Let me explain some more…

What’s a few trillion between mates?

This week, Apple Inc. (NASDAQ:AAPL) hit a market capitalisation of three trillion dollars.

In numbers that looks like $3,000,000,000,000.00.

That’s a lot of zeros.

Apple is also a profitable company. There are plenty of reasons to suggest that $3 trillion is a fair valuation for the company.

From the start of last year through to 30 September 2021, Apple’s annual revenue was $365.8 billion. Its net profit after tax was $94.6 billion. Based on that, Apple trades at 31.6 times net profit. That’s high, but not insanely high.
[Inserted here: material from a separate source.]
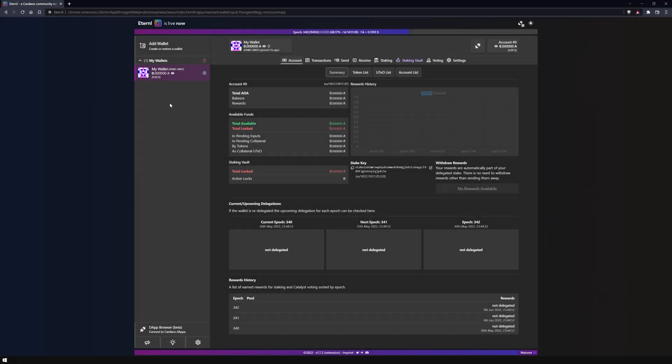Welcome to our channel, this is Marvin from NovaPool. In this video I will show you how to install and set up an Eternal Lite wallet.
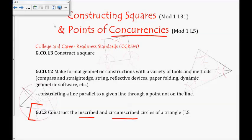This video was focusing a lot on points of concurrencies, and we'll take some time in class to talk about constructing a square and constructing lines that are parallel to a given line through a point not on the line. Thank you so much for watching.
The question however must be asked, how does Apple make so much money? Well, it’s quite obvious, right?

They sell great products. But selling a great product alone isn’t going to get you $365 billion in revenues. You need a great product selling at a great (i.e. large) price.

Have you ever bought a brand new Apple device?

The “cheapest” iPhone available in the Apple store right now is a £389 iPhone SE.

The most expensive iPhone an iPhone 13 Pro with 1TB storage at £1,549.

In 2007 when the iPhone was released, it was still an expensive phone. But at £457 for the top line model, it’s some way off what you’re paying for the top line model today.

In fact, if you’re looking at inflation, then when it comes to iPhones, the inflation rate over the last 14 years has been 239%.

Comparatively, the cost of petrol in 2007 was about 95p. Today it’s about 145p. That’s about 52% over the last 14 years.

People lose their minds over the inflation of the cost of petrol… but where is the protest over the inflation of the cost of iPhones?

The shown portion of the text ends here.